— Source data —

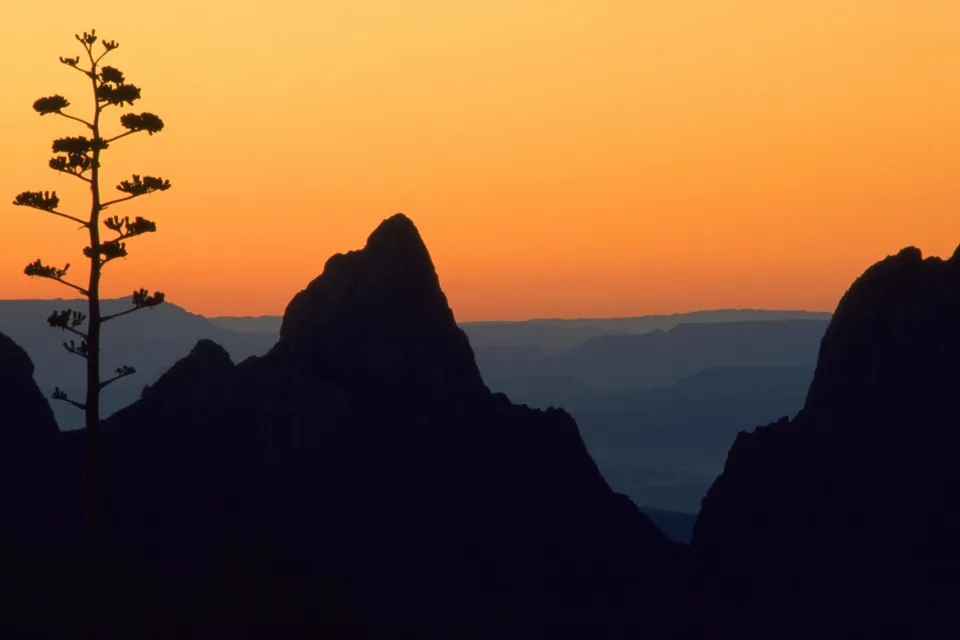 Silhouetted desert mountains and a tall plant against an orange sunset sky.
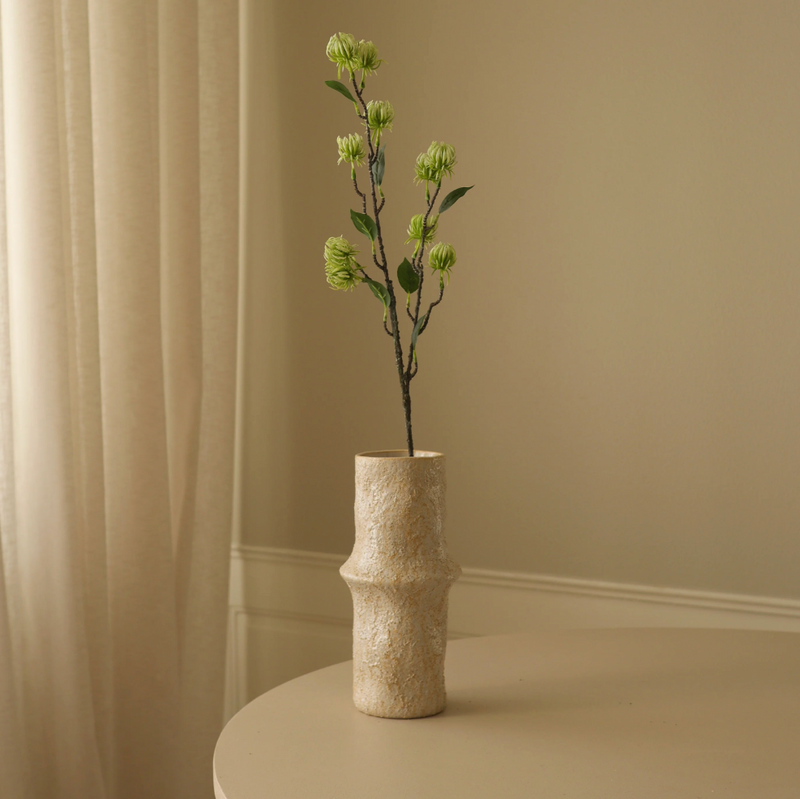 Bloem - Groene Hamamelis tak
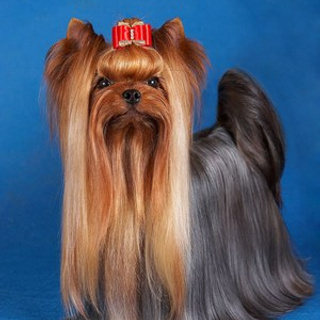 Vole'T Shou Flash In The Night — Rus, Ltu, Pol Ch, CW of World and Euro DS.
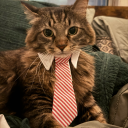 dontgotfriends avatar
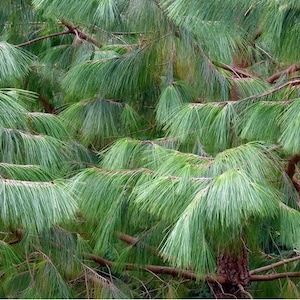 Thinleaf Pine Tree Seeds Pinus maximinoi 20Seeds image 1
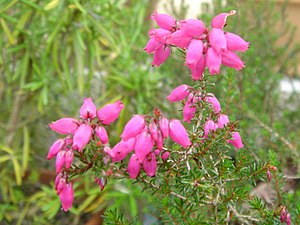 에리카(Erica cinerea)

— Problem to work on —
Restate word for word, please, the line containing "Bloem - Groene Hamamelis tak" and all lines after it through the end of the material; the pictures do not belong in the copy.

— Answer to this exercise —
 Bloem - Groene Hamamelis tak
 Vole'T Shou Flash In The Night — Rus, Ltu, Pol Ch, CW of World and Euro DS.
 dontgotfriends avatar
 Thinleaf Pine Tree Seeds Pinus maximinoi 20Seeds image 1
 에리카(Erica cinerea)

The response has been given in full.